● EXERCISE PROMPT
Transcribe, word for word, every line from the one containing "Peter Millar - Offshore" through the final line of the records, and omit the pictures.

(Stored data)

..........

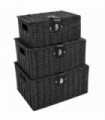 ASAB 3 Woven Resin Wicker Baskets Black AS-14871 5056368014871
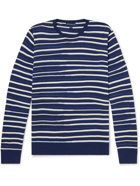 Peter Millar - Offshore Striped Wool, Silk and Linen-Blend Sweater - Blue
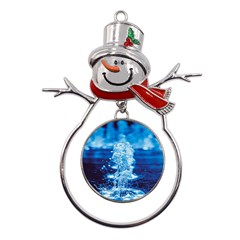 Water Blue Wallpaper Metal Snowman Ornament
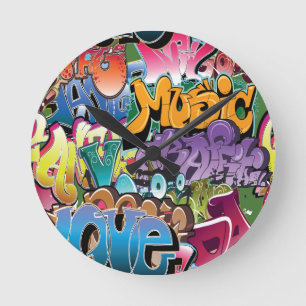 Horloge Ronde Love for graffiti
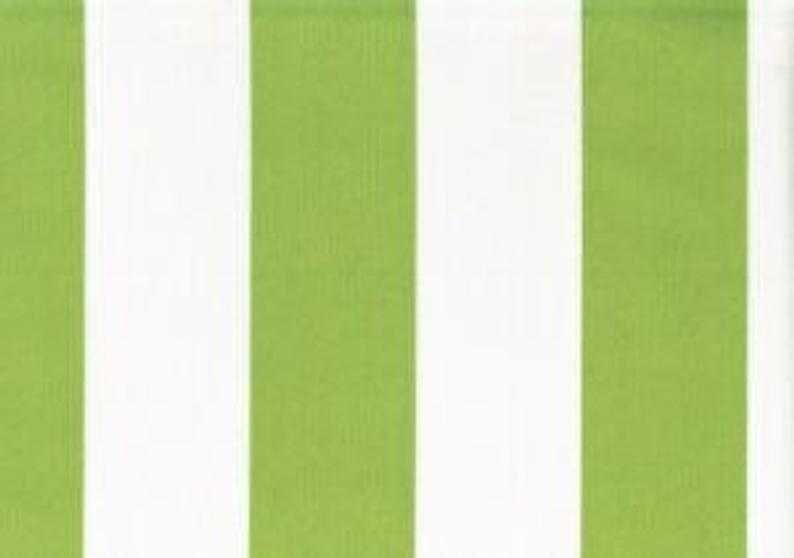 Designer Outdoor Cabana Stripe White lime Green Fabric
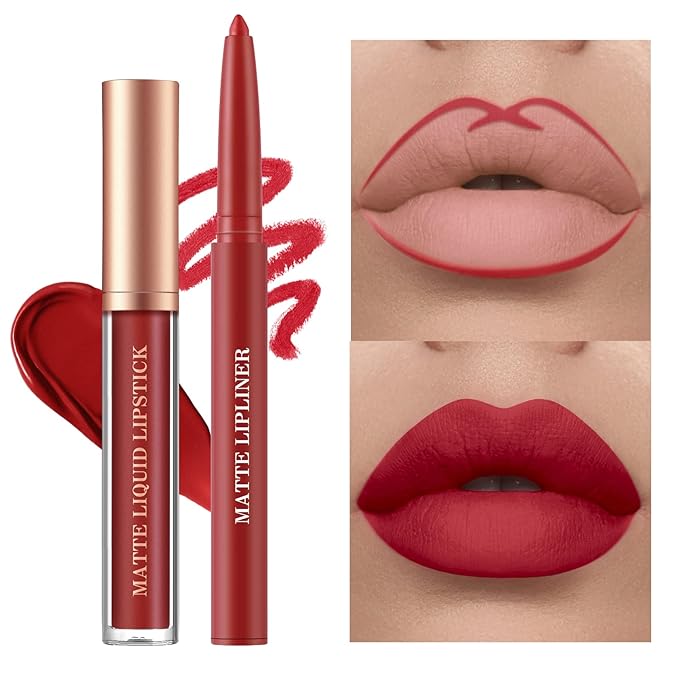 BestLand 6Pcs Matte Liquid Lipstick + Lip Liner Pens Set, One Step Lips Makeup Kits Pigment Velvety Nude Lip Stain Waterproof Long Wear Lip Gloss Make up Gift Set (Chic Shades Lip Set)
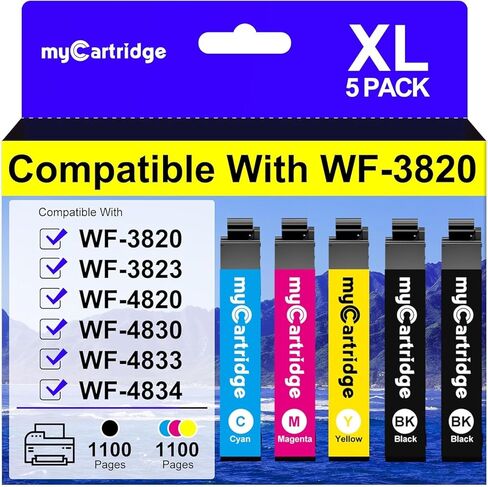 myCartridge Remanufactured Ink Cartridge Replacement for Epson 822XL Ink Cartridges Combo Pack for WF-3820 Printer Ink Cartridges Use with WF-3820, WF-3823, WF-4820, WF-4830, WF-4833,5-Pack in Kuwait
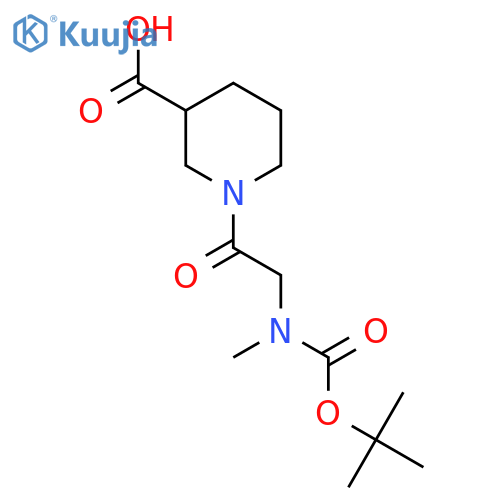1-(2-{[(Tert-butoxy)carbonyl](methyl)amino}acetyl)piperidine-3-carboxylic acid structure
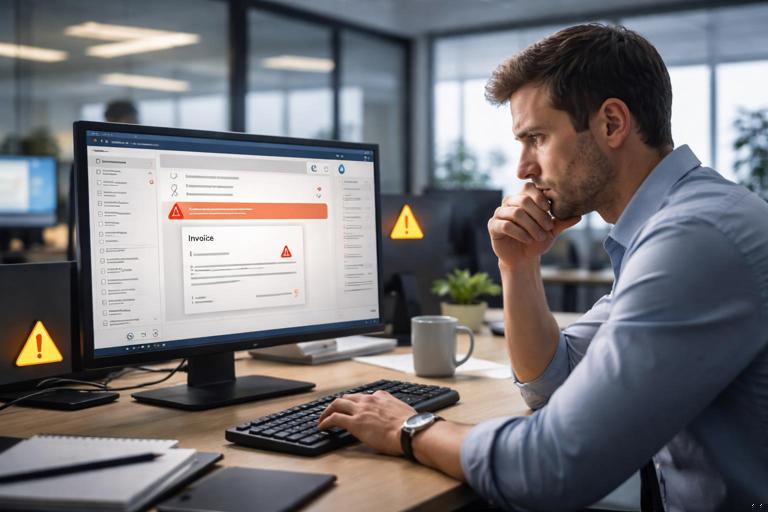 Realistic office cybersecurity incident scene: a finance employee at a desk looking worried at an email client showing a suspicious invoice email, Microsoft 365-style interface on monitor, subtle warning icons, SOC-style atmosphere, daylight office, photorealistic, no readable text, no brand logos, high detail.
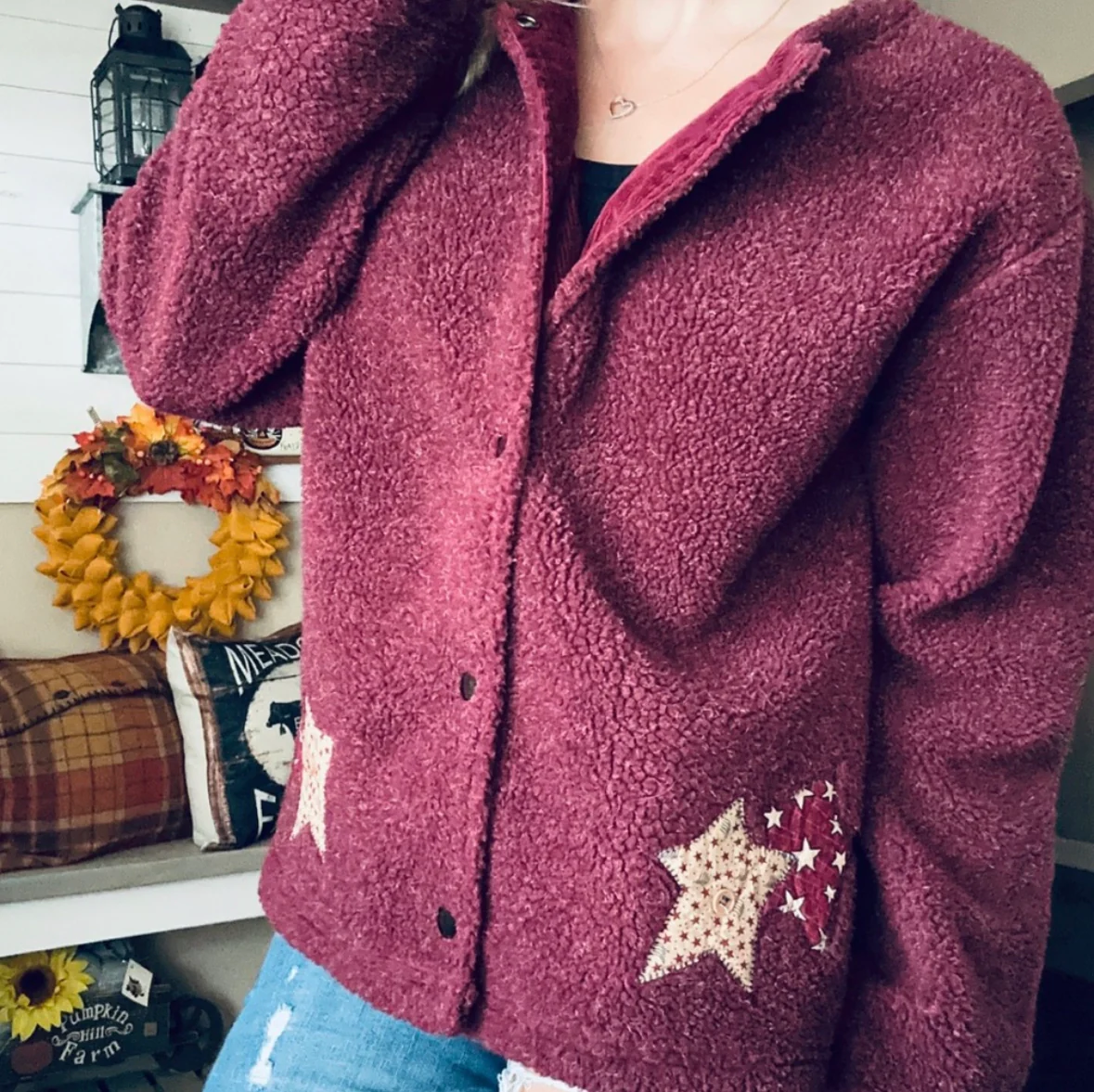 90s Rustic Primitive Stars Sherpa Button Up Shacket By Real Comfort - Image 3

..........

● WRITTEN RESPONSE
 Peter Millar - Offshore Striped Wool, Silk and Linen-Blend Sweater - Blue
 Water Blue Wallpaper Metal Snowman Ornament
 Horloge Ronde Love for graffiti
 Designer Outdoor Cabana Stripe White lime Green Fabric
 BestLand 6Pcs Matte Liquid Lipstick + Lip Liner Pens Set, One Step Lips Makeup Kits Pigment Velvety Nude Lip Stain Waterproof Long Wear Lip Gloss Make up Gift Set (Chic Shades Lip Set)
 myCartridge Remanufactured Ink Cartridge Replacement for Epson 822XL Ink Cartridges Combo Pack for WF-3820 Printer Ink Cartridges Use with WF-3820, WF-3823, WF-4820, WF-4830, WF-4833,5-Pack in Kuwait
1-(2-{[(Tert-butoxy)carbonyl](methyl)amino}acetyl)piperidine-3-carboxylic acid structure
 Realistic office cybersecurity incident scene: a finance employee at a desk looking worried at an email client showing a suspicious invoice email, Microsoft 365-style interface on monitor, subtle warning icons, SOC-style atmosphere, daylight office, photorealistic, no readable text, no brand logos, high detail.
 90s Rustic Primitive Stars Sherpa Button Up Shacket By Real Comfort - Image 3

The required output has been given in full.